An international team of astronomers has identified a rare remnant of the early Milky Way displaying unusual properties, which will help scientists to fill the gap in our understanding between the galaxy's past and present. The structure is a collection of stars of hugely different ages resembling a globular cluster – spherical groupings of stars which are usually found in the galactic halo – but unlike any other known cluster.
Since it was first detected 19,000 light years from Earth around 40 years ago, Terzan 5, as it is known, was classified as a globular cluster. An Italian-led team of astronomers has now shown that Terzan is, in fact, very different from the norm.
Using data from Hubble and other telescopes, the team found that Terzan harboured two very different types of stars, which not only differed in their elemental make-up, but also had an age-gap of around seven billion years.
The ages of the two different types of stars suggest that star formation in Terzan 5 was not continuous but was dominated by two very distinct bursts of star formation. "This requires the Terzan 5 ancestor to have large amounts of gas for a second generation of stars and to be quite massive.
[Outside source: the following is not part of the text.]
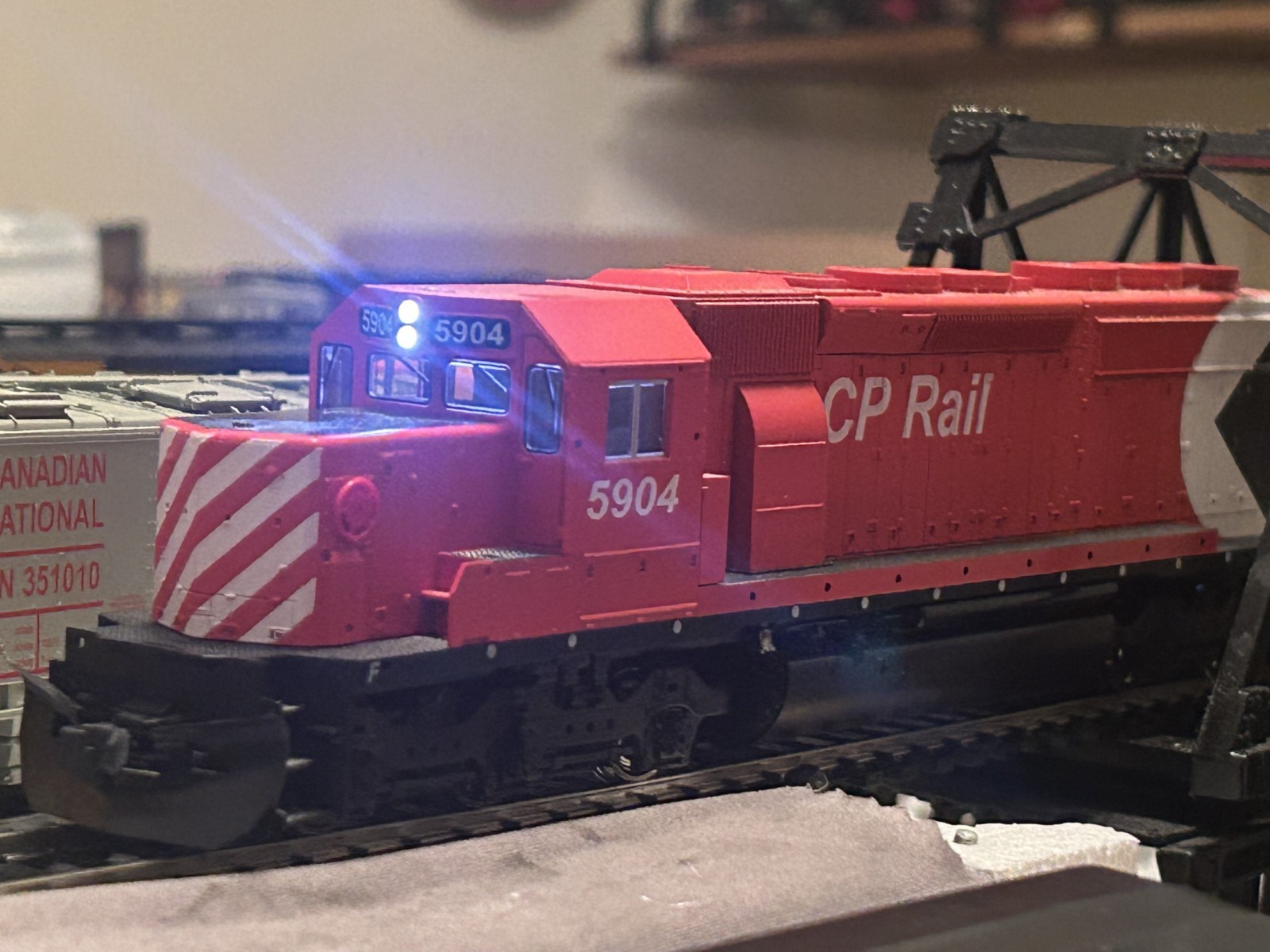 DCC READY KATO SD40-2 CANADIAN PACIFIC CP RAIL ENGINE LOCOMOTIVE HO SCALE NEW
At least 100 million times the mass of the Sun," said Davide Massari, a co-author of the study.
These special properties, and the fact that Terzan 5, contains stars which are remarkably similar to the most ancient stars in our galaxy, means that it is a kind of "living fossil", a relic from the early days of the Milky Way.
Current theories on galaxy formation suggest that vast clumps of gas and stars interacted to form the primordial bulge of the Milky Way – the tightly packed central region of the galaxy – merging and dissolving in the process.
"We think that some remnants of these gaseous clumps could remain relatively undisrupted and keep existing embedded within the galaxy," said Francesco Ferraro, a lead author of the study. "Such galactic fossils allow astronomers to reconstruct an important piece of the history of our Milky Way."
While the properties of Terzan 5 are uncommon for a globular cluster, they are very similar to the huge clumps which are thought to have formed, during the galaxy's formation around 12 billion years ago.
"Some characteristics of Terzan 5 resemble those detected in the giant clumps we see in star-forming galaxies at high-redshift, suggesting that similar assembling processes occurred in the local and in the distant universe at the epoch of galaxy formation," said Ferraro.
"Terzan 5 could represent an intriguing link between the local and the distant universe, a surviving witness of the galactic bulge assembly process", he said.